> _Task details_
Would you return the data exactly as given, except for its pictures?

(Captioned web image data)

--------

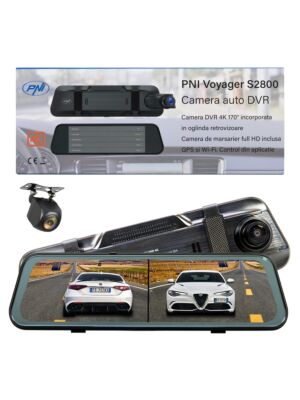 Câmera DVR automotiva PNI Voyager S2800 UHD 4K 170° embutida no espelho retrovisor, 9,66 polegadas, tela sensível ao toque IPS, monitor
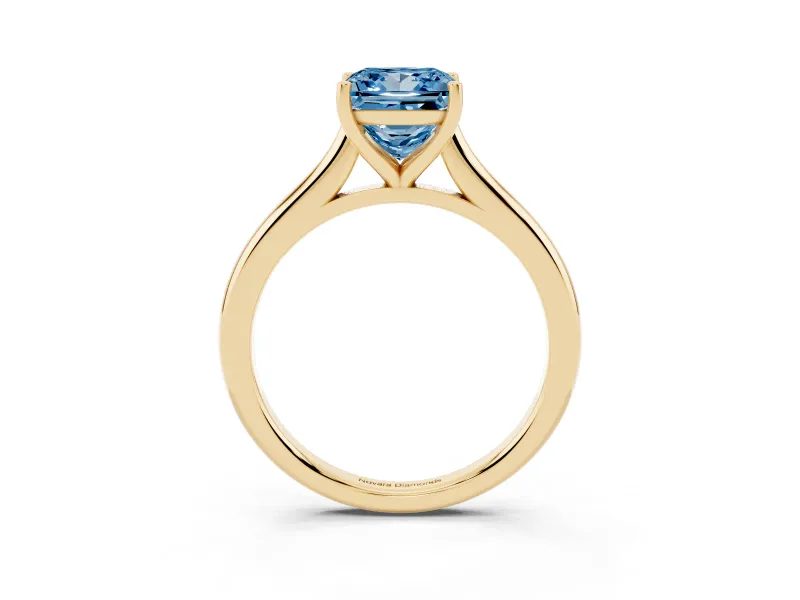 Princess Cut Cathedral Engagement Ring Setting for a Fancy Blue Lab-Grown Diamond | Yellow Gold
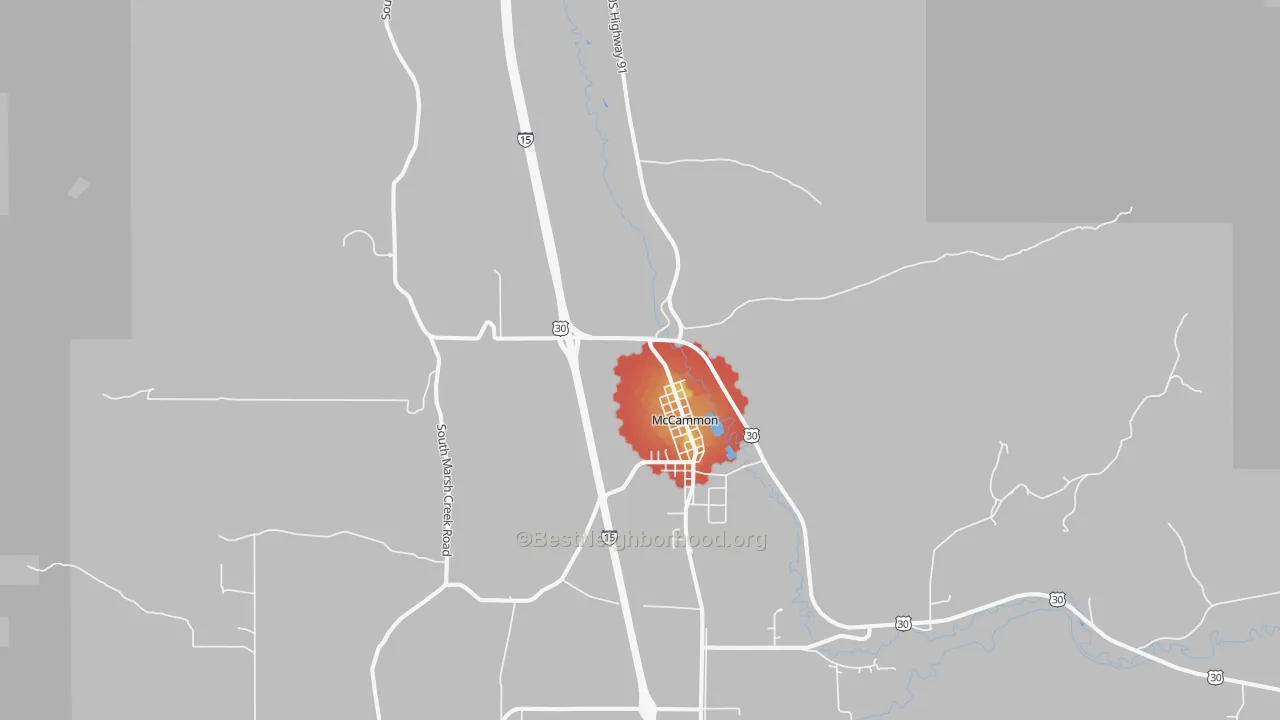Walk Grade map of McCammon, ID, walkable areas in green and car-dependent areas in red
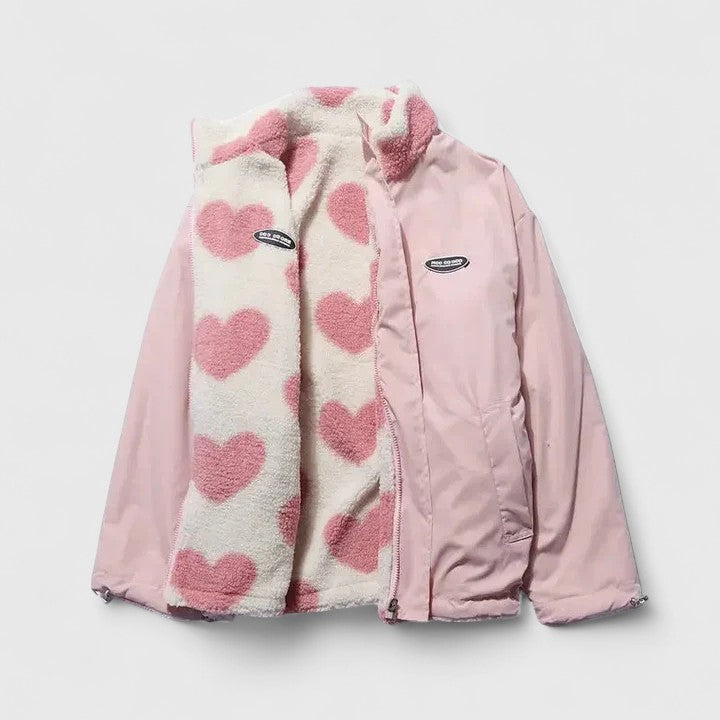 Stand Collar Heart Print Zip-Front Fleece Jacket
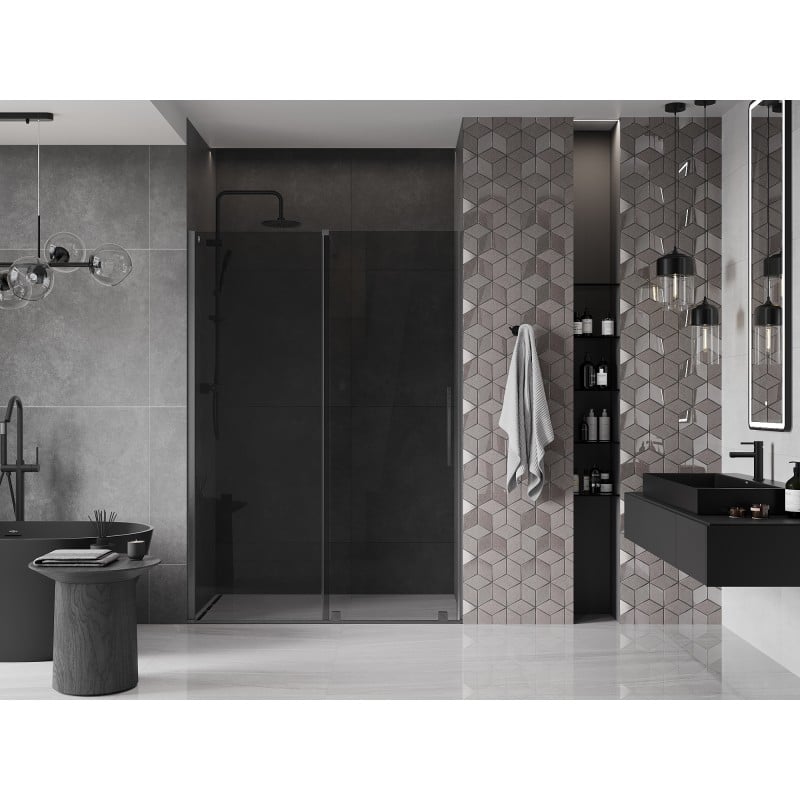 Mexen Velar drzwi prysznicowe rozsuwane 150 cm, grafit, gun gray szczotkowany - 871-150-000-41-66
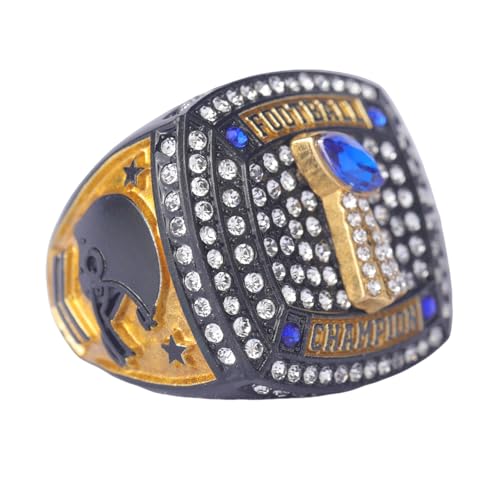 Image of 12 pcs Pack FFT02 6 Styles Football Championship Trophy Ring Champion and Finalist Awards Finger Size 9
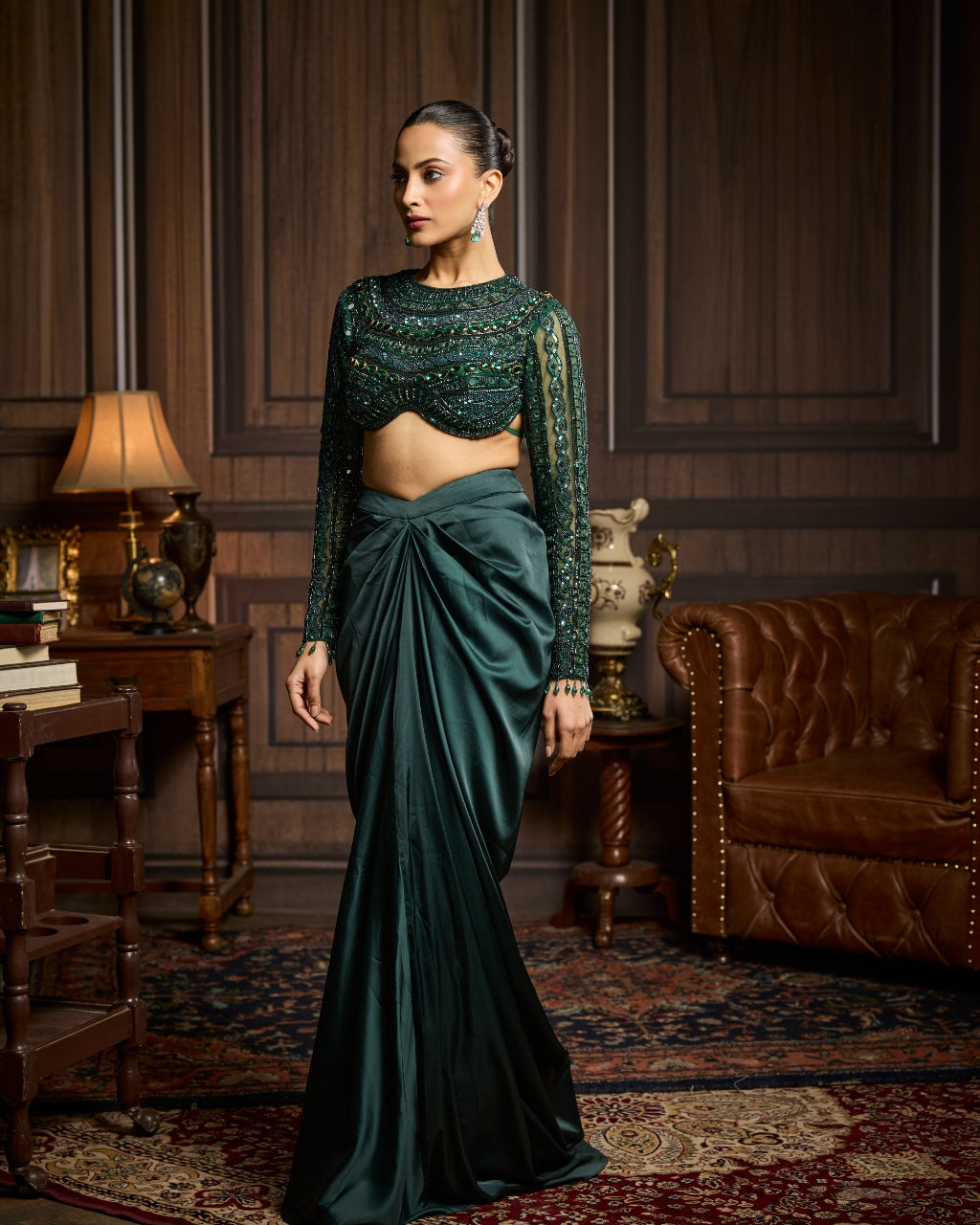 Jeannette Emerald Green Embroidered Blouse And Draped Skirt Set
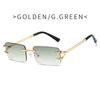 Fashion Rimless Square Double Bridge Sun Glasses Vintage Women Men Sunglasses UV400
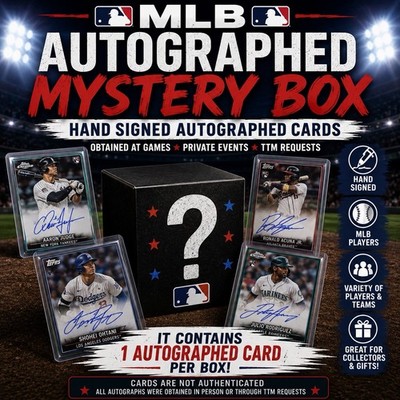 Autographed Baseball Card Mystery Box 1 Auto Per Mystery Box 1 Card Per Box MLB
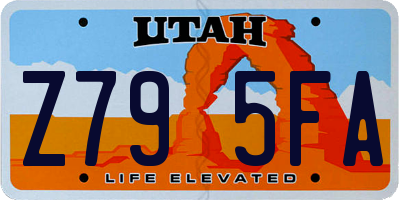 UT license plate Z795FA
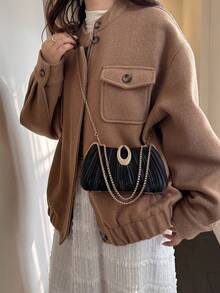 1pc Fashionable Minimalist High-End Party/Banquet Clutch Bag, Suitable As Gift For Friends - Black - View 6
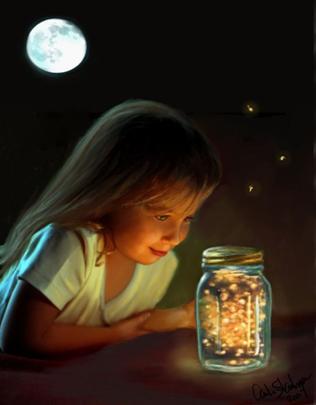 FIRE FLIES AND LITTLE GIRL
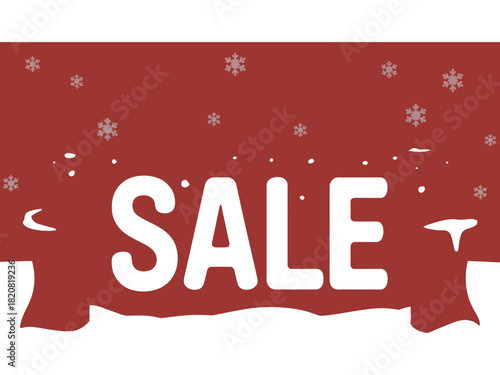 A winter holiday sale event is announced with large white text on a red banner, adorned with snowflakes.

--------

> _Result below_
 Câmera DVR automotiva PNI Voyager S2800 UHD 4K 170° embutida no espelho retrovisor, 9,66 polegadas, tela sensível ao toque IPS, monitor
 Princess Cut Cathedral Engagement Ring Setting for a Fancy Blue Lab-Grown Diamond | Yellow Gold
Walk Grade map of McCammon, ID, walkable areas in green and car-dependent areas in red
 Stand Collar Heart Print Zip-Front Fleece Jacket
 Mexen Velar drzwi prysznicowe rozsuwane 150 cm, grafit, gun gray szczotkowany - 871-150-000-41-66
 Image of 12 pcs Pack FFT02 6 Styles Football Championship Trophy Ring Champion and Finalist Awards Finger Size 9
 Jeannette Emerald Green Embroidered Blouse And Draped Skirt Set
 Fashion Rimless Square Double Bridge Sun Glasses Vintage Women Men Sunglasses UV400
 Autographed Baseball Card Mystery Box 1 Auto Per Mystery Box 1 Card Per Box MLB
 UT license plate Z795FA
 1pc Fashionable Minimalist High-End Party/Banquet Clutch Bag, Suitable As Gift For Friends - Black - View 6
 FIRE FLIES AND LITTLE GIRL
 A winter holiday sale event is announced with large white text on a red banner, adorned with snowflakes.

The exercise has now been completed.